--- What needs to be done ---
Quote exactly and only this range of lines in the data below: the line that holds "main property photo 46" to the line that holds "Image No.1-4 Bed Villa for sale", both included.

--- Data for review ---
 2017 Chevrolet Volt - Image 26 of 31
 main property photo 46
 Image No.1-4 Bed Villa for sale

...

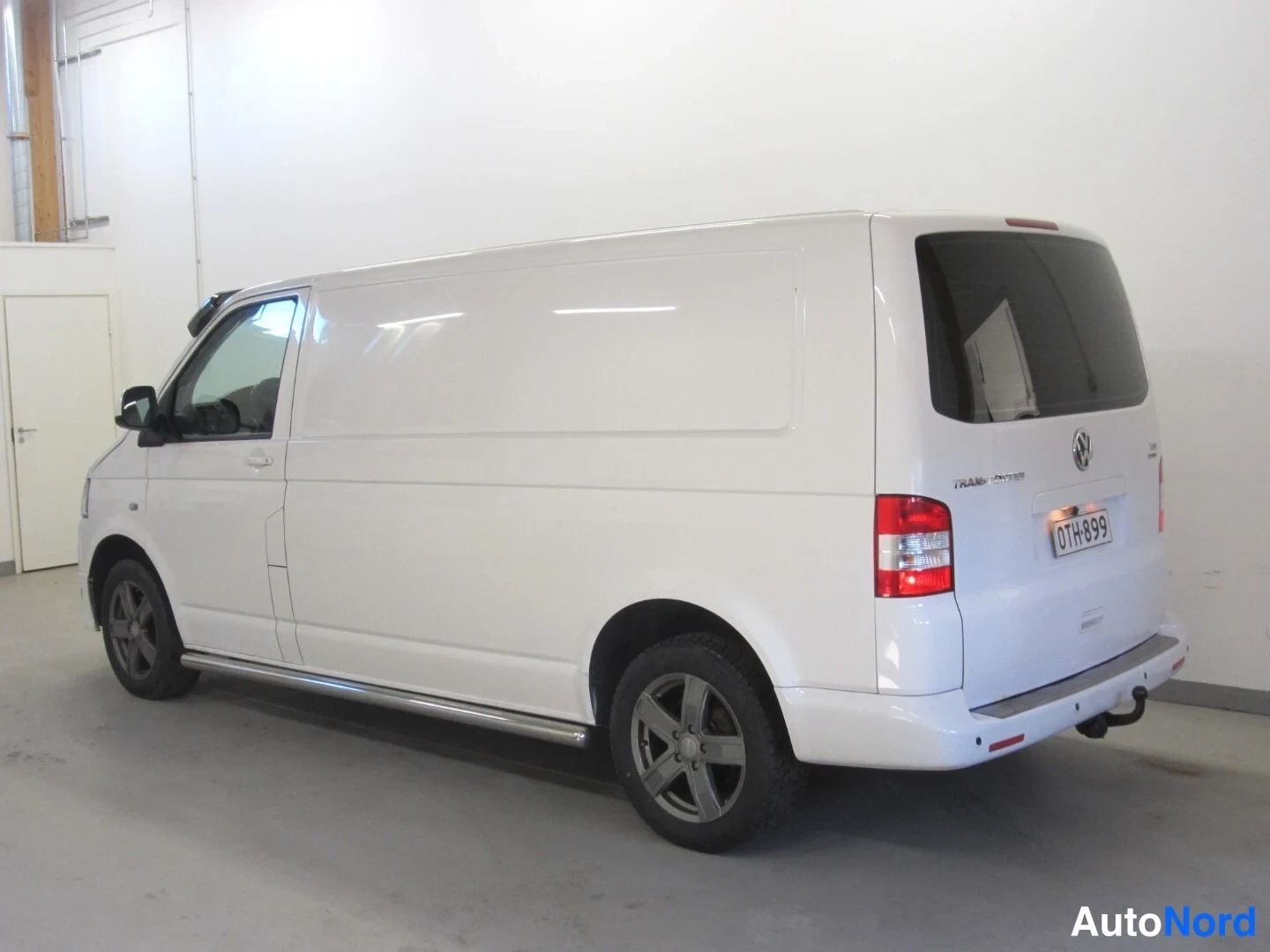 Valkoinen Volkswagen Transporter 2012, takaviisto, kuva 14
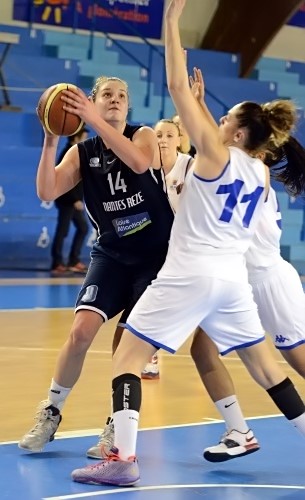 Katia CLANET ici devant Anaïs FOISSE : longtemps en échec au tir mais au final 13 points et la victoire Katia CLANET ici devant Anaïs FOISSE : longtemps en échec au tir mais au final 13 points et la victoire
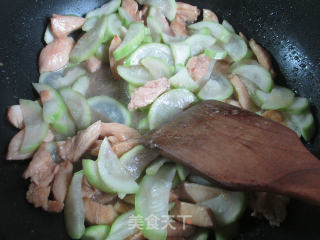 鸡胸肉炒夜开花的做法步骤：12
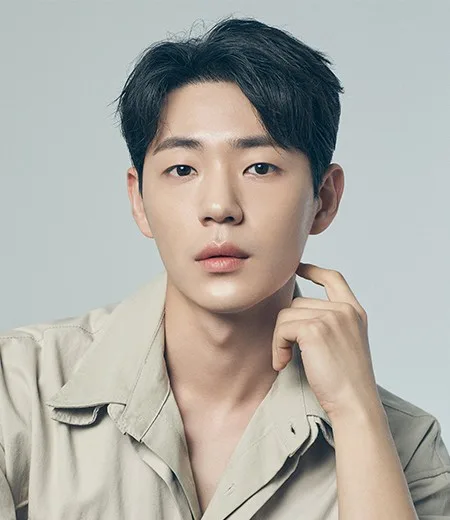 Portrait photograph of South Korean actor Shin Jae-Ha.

--- Your solution ---
 main property photo 46
 Image No.1-4 Bed Villa for sale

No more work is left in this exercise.